Whereas the first version of the Tesla P100 was for NVLink-optimized servers, such as IBM's forthcoming Power servers, this new PCIe model opens up the architecture to a much larger audience with only a small performance penalty. It boasts 4.7 TFLOPS of double-precision performance, compared to 5.3 TFLOPS for the NVLink version. It's single-precision and half-precision performance metrics are rated at 9.3 TFLOPS and 18.7 TFLOPS, respectively, compared to 10.6 TFLOPS and 21.2 TFLOPS.

Like the NVLink model, the PCIe variant sports second generation High Bandwidth Memory (HBM2), either 16GB or 12GB (only 16GB is available on the NVLink model). That gives it 32GB/s of PCIe x16 interconnect bandwidth. Therein lies the real benefit of NVLink, which offers 5X the memory bandwidth of PCIe for 160GB/s, but it comes at the expense of compatibility.

"With over 400 HPC applications accelerated—including 9 out of top 10—as well as all deep learning frameworks, every HPC customer can now deploy accelerators in their data centers," NVIDIA says.

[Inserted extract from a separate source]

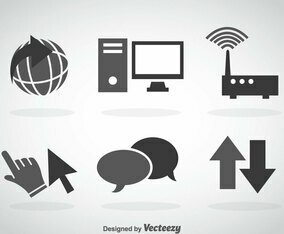 Internet Grey Icons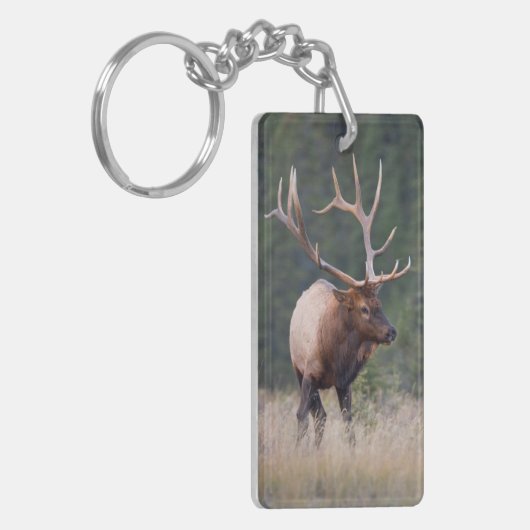 Rocky Mountain Elk Sleutelhanger (Voorkant Links)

NVIDIA Tesla P100 Applications

The PCIe version uses the same number of CUDA cores (3,584) but is optimized for slightly lower clockspeeds with a TDP of 250W, down from 300W for the NVLink variant. NVIDIA hasn't said what the core clockspeed will be, though it will have a 1,300MHz boost clock, compared to 1,480MHz for its NVLink sibling.

According to NVIDIA, a single Tesla P100-powered server delivers higher peformance than 50 CPU-only server nodes when running the AMBER molecular dynamics code, and is faster than 32 CPU-only nodes when running the VASP material science application.

What can be done with all this power? Deep Learning will be a point of focus. The Tesla P100 will also inevitably be used in heavy data crunching applications, such as those that attempt to predict the weather, drug research, and solving other complex problems.

"Accelerated computing is the only path forward to keep up with researchers' insatiable demand for HPC and AI supercomputing," said Ian Buck, vice president of accelerated computing at NVIDIA. "Deploying CPU-only systems to meet this demand would require large numbers of commodity compute nodes, leading to substantially increased costs without proportional performance gains. Dramatically scaling performance with fewer, more powerful Tesla P100-powered nodes puts more dollars into computing instead of vast infrastructure overhead."

The PCIe-based Tesla P100 will be available in the fourth quarter of this year.